• [Work order] Starting at the line that contains "B&C - Kapuzen Sweater - WU620 – Bild 4", repeat each line of the listing below through the last one, exactly, and leave out every picture.

• [Material for the task]
= Beginning of Section =

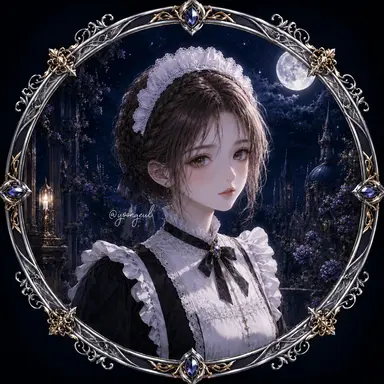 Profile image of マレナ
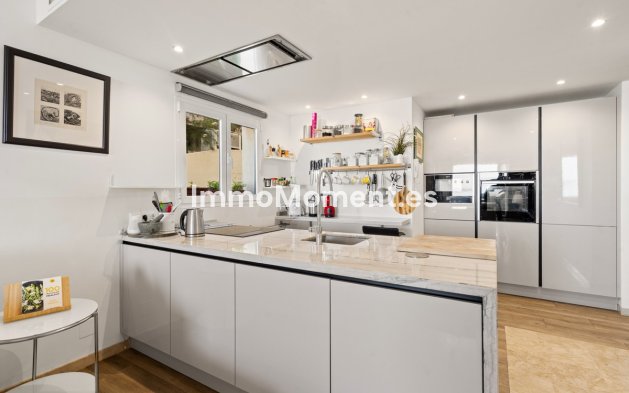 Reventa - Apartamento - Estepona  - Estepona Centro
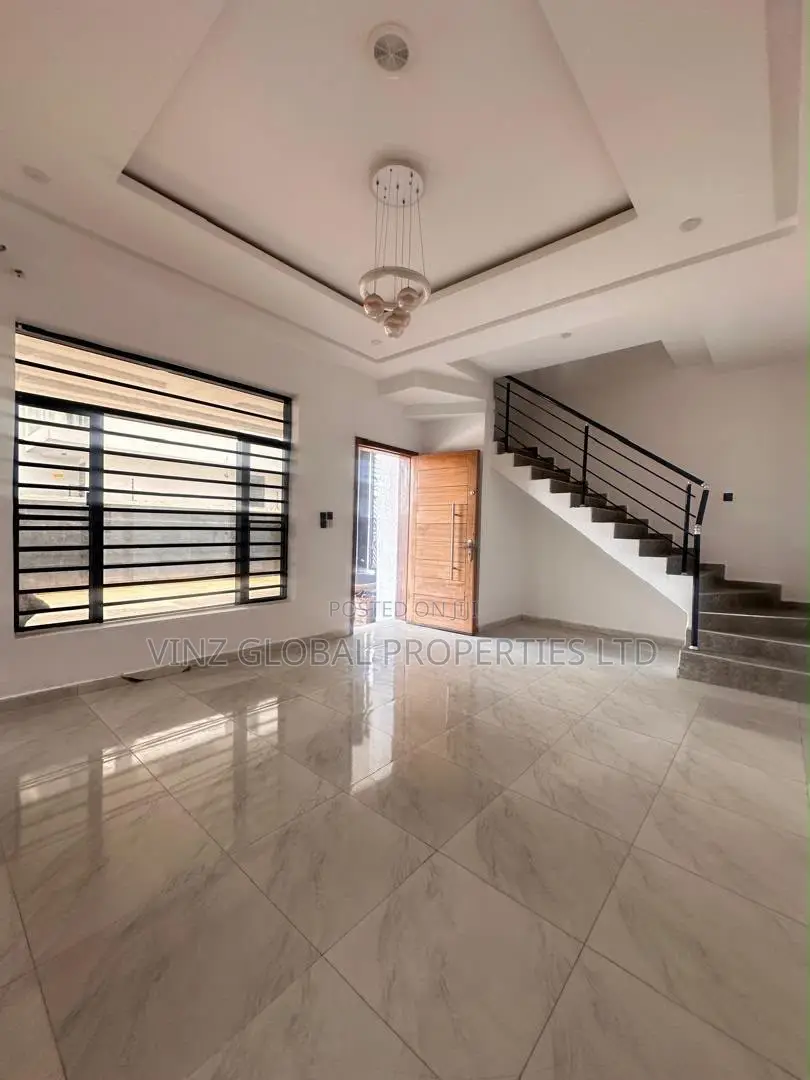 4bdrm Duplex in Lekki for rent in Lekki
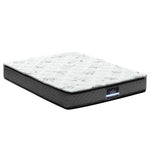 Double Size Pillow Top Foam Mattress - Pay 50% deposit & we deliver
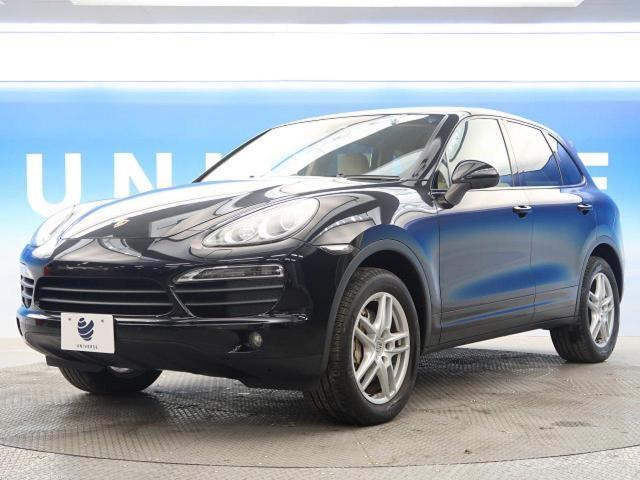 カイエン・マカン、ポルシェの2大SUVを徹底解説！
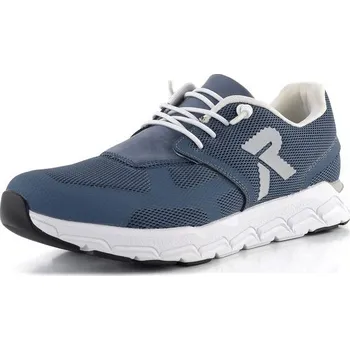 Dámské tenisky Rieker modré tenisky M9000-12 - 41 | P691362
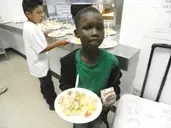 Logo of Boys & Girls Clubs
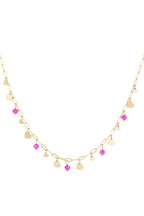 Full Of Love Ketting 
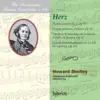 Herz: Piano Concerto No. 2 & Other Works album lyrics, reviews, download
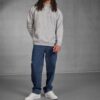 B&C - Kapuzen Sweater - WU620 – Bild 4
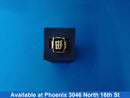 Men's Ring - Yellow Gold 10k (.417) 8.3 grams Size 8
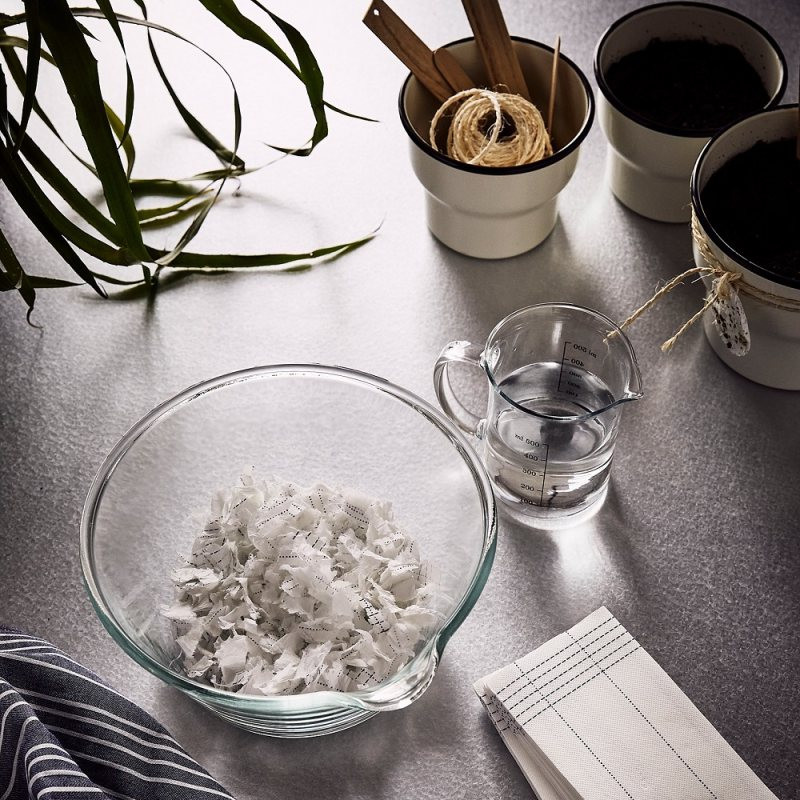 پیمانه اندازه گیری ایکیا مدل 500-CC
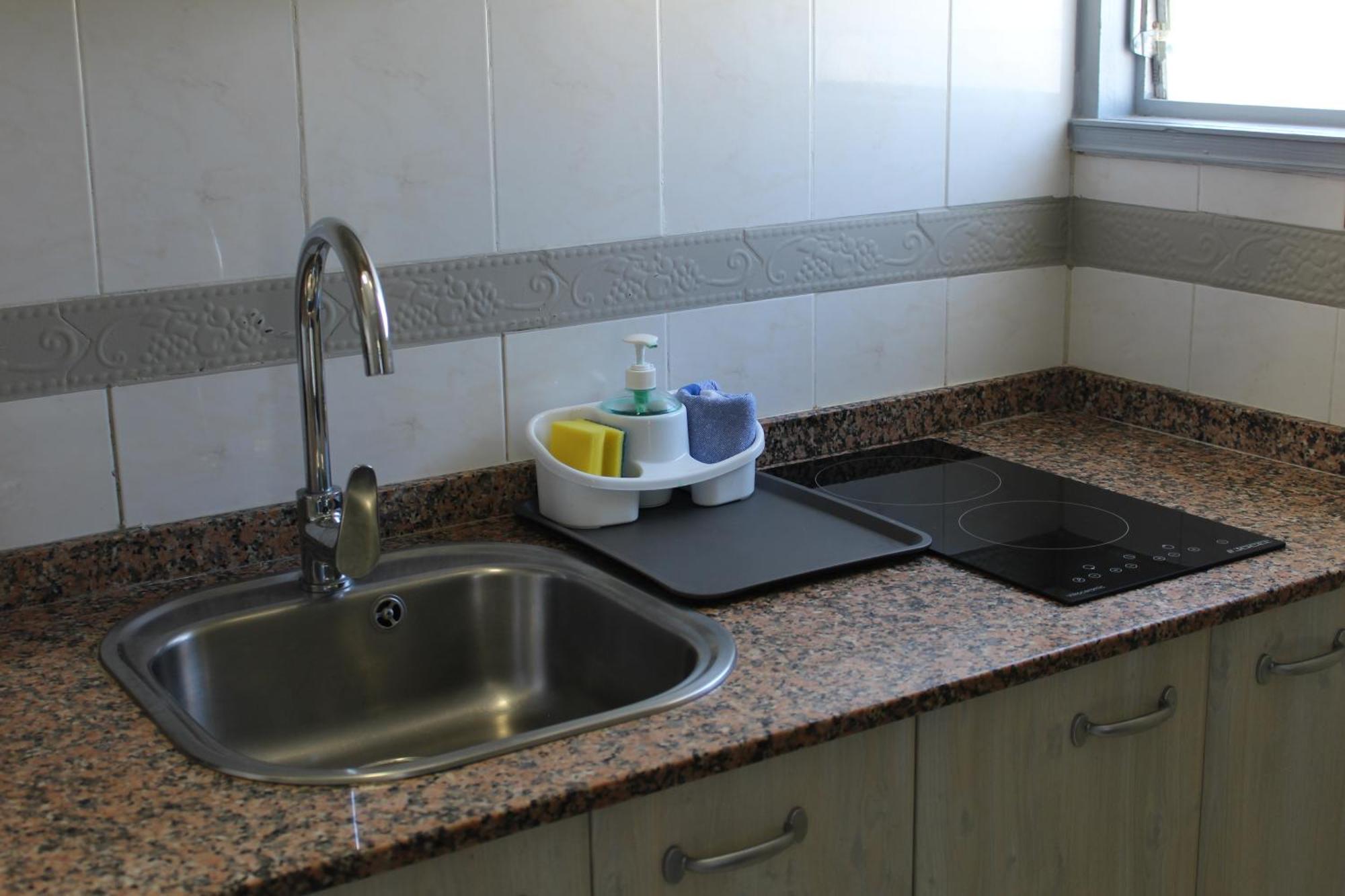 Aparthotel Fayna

= End of Section =

• [Your solution]
 B&C - Kapuzen Sweater - WU620 – Bild 4
 Men's Ring - Yellow Gold 10k (.417) 8.3 grams Size 8
 پیمانه اندازه گیری ایکیا مدل 500-CC
 Aparthotel Fayna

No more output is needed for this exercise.